民事訴訟第一審判決、第二審判決、そして時効成立直前の不起訴処分という相互に複雑に連関し合った自分たちの完全犯罪を文字通り完全にする、つまり「何も起こらなかったこと」と完全に一致させるためには、完全犯罪からそれが実在した/実在し続けていることの生き証人である被害者を何としてでも差し引き、「生きるに値しない生」としてその生を自ら絶滅させるよう仕向けなければならない。そのために、あの者たちは私を「醜悪な加害者」という唯一の意味の絶滅収容所に強制収容し、私がそこから絶対に出られないように絶滅収容所に鍵をかけた。偽造録音媒体という鍵。「法的手続き」を偽装した上記三つの完全犯罪の舞台を貫通し、それらの複雑な相互連関の核心に位置する偽造録音媒体という鍵。しかし、それは意外に脆弱な鍵で、科学的鑑定に出されない限りにおいて鍵として機能する鍵だ。自分たちの諸犯罪の完全隠蔽のために「法的手続き」を偽装して実行されたあの者たちの三つの完全犯罪のおかげで、私はすでに測り知れない経済的損失を蒙っていた。それでも、強制的に幽閉された「醜悪な加害者」という唯一の意味の絶滅収容所からの解放の契機を掴むためには、もはや偽造録音媒体を自費で鑑定に出すという選択肢しかなかった。Mを始めとした当時の三人の共闘仲間が、どんな躊躇もなく鑑定に出すための経済的支援をしてくれた。2015年4月中旬に、私たちは都内にある某法科学研究所に赴いて科学的鑑定の依頼をした。鑑定にはやはり三カ月半ほどを要し、漸く鑑定結果が出たのは同年7月下旬であった。科学的鑑定結果によれば、CD-Rは紛れもない偽造証拠であり、そのことをもっとも顕著に裏付けている偽造の痕跡は次の二点であることが判明した。CD-Rの最終録音日は2012年4月11日ではなく、同年10月15日。CD-Rのオリジナル音源はICレコーダーではなく、おそらくウィンドウズのパソコン。第一審、第二審に提出された証拠説明書には、CD-Rの録音日は2012年4月11日とあり、それは同日にICレコーダーに録音された「事実聴取」の音声記録の「原本」であると記載されていた。したがって、偽造証拠は録音媒体だけではなく、その音声記録を反訳したものと同じく証拠説明書に記載されている「反訳書」も、必然的に偽造反訳書でしかあり得ないことが科学的に証明された。
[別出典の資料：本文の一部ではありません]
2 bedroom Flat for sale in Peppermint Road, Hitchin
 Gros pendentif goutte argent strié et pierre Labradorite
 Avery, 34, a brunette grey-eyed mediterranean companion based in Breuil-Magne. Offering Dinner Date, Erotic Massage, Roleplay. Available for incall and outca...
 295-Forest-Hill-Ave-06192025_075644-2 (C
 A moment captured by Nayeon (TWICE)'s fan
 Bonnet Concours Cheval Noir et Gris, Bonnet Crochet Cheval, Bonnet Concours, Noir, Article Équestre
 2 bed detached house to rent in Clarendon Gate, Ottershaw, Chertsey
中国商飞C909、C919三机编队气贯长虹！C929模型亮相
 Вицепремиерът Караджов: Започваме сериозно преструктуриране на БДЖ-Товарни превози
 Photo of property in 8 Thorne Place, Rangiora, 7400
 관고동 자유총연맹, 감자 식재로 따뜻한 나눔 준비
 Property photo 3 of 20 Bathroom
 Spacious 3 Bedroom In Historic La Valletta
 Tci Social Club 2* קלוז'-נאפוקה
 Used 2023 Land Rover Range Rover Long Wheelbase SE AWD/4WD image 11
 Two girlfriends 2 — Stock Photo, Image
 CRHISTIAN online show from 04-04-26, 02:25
こうして私たちは、絶滅収容所の鍵を破壊する最終兵器として、科学的鑑定結果が詳細に記された鑑定書数冊を漸く手に入れた。ところが、その最終兵器で脆弱な鍵が破壊されるという解放の契機は訪れなかった。それどころか、偽造録音媒体であった絶滅収容所の鍵は、その鍵を核心的な媒介にすることで三つの完全犯罪の実現を可能にした一つの組織的犯罪の隠蔽という鍵、その度合いが加速的に激化していく隠蔽の連鎖という鍵に今度は変貌を遂げてしまったのである。鑑定書などなくても、汚職が開始される以前の東京地検立川支部はCD-Rだけで強要罪の告訴状を受理したというのに、鑑定書を直接証拠として告訴状と告発状の提出を何度試みてみても、どこの捜査機関からも悉く暴力的に突き返された。鑑定に出す前までは、「私と絶対に関係を持たない」ための偽装された「法的手続き」の舞台が曲がりなりにも設定されていたのに対し、科学的鑑定結果が出てからというもの、「私と絶対に関係を持たない」ことそのものが異常なまでの過激さで反復されるようになった。「醜悪な加害者」という唯一の意味の絶滅収容所に私を監禁しておくことが、彼ら彼女らの反国家的組織的犯罪を歴史から完全隠滅するための至上命題であるにも拘らず、鑑定書の存在とは、その至上命題を完全に空洞化してしまう「真実の私」という夥しい影の残余の撃退不可能性そのものの現前であったからだ。2015年9月9日には東京地検特捜部に告訴状と告発状を提出したが、およそ三週間後に返戻されてきた。同日には、犯人隠避罪・証拠隠滅罪で森川久範と二瓶祐司を告訴する告訴状、及び鑑定書を同封した請願書を当時の検事総長であった大野恒太郎氏に宛てて提出していたが、特捜部から告訴状が返戻されてきたということは何の効果もなかったということ、大野恒太郎氏によって(隠蔽の意思表示として)無視黙殺されたということ以外の何ものでもないと解釈することを余儀なくされた。2015年11月中旬過ぎから同年12月下旬にかけて、当時の東京地検立川支部の受理担当検事であった鈴木久美子から、告訴状と告発状の取り下げの強要を実に巧妙かつ執拗に反復され、とりわけ無印私文書偽造・同行使罪で中央大学の首謀者たち・共謀者たちを告発したMは、鈴木久美子から何度もかかってきた電話でのやり取りのなかで、「私はもう自殺するしかありません」とついに口にするしかない精神的・身体的な極限値にまで追い詰められた。2016年3月18日には、限界まで彫琢が加えられた告訴状と告発状をついに最高検に提出したが、最高検はそれらを特捜部に回送し、回送されてからたった一日で(ということは告発状と告発状、及び鑑定書を始めとした膨大な証拠資料には一切目を通さずに)特捜部はそれらを極めて暴力的な仕方で返戻してきた。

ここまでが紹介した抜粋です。